Friday, February 7, 2014

Batter Breads

I was intrigued when I first read about Sally Lunn bread. I was repetitively encountering it in my RSS feed. I had even bookmarked the recipes from Smitten Kitchen and Kitchn. And that was 2 years ago. I did find many other breads to bake and eat in these 2 years but I didnt have a chance to make the Sally Lunn one yet.

So I set about yesterday thinking that I would bake this one, so that the Husband and the Daughter can enjoy a little snack while am away for the class. So I mixed up the batter, beat it hard for 6 min with different additions and I decided to use fresh yeast and left out the egg yolk. Then I read the entire recipe to see how long it should rest, and it needed an hour now and 30 min later for second proofing. I didnt have so much time, so I asked the Husband to do it, but he had dinner to prepare, so he didnt bother about my little batter proofing in the oven. By the time I returned from the class, the batter was proofing in the oven for over 4 hours now. It had risen and then collapsed, stank of yeast and the dough tasted very bitter. I guess the warm oven, presence of sugar in the batter, the over-zealousness of fresh yeast and the long first proof caused it. I had for a moment even considered tossing it. I looked up all over the internet on how to save overproofed dough, but hardly a mention. In some board, someone said the dough corrects itself in the second proof. I had decided that this was going to be a disaster but went ahead wanting to see it through.

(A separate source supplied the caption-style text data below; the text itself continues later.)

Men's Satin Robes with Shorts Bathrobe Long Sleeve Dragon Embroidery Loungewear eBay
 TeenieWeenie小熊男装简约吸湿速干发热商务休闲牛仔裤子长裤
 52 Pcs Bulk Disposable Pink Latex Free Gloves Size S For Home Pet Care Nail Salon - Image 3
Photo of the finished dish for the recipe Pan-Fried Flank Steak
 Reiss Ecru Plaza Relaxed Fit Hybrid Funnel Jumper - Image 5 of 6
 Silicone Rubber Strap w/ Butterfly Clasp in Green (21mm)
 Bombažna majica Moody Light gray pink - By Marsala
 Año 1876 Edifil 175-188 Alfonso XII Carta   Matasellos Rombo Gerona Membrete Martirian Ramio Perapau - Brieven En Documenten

Second proof was pouring the batter into a pan and letting it rest right there. So it went into the pan, and waited there for less than 15 min, there was barely rounding out of edges and I slid it into the oven at 190°C. The batter was half full in the 25cm loaf pan and I thought it would be three quarters full. But beating all my expectations (I wouldn't have been writing this blog otherwise) it crested the pan and baked wonderfully. The bread is softer than the normal loaves that am used to baking. Pillow soft. I let it rest and then I sliced into it expecting a bitter taste, but it was so very slightly bitter and by morning even that disappeared. Wonderfully holey, a very soft texture and tastes almost like a cake without all the guilt of a cake. Would stand up better in place of a brioche in french toasts, I think. I would experiment the rest of the loaf for toasts saturday morning.

I am impressed with batter breads and am going to try more.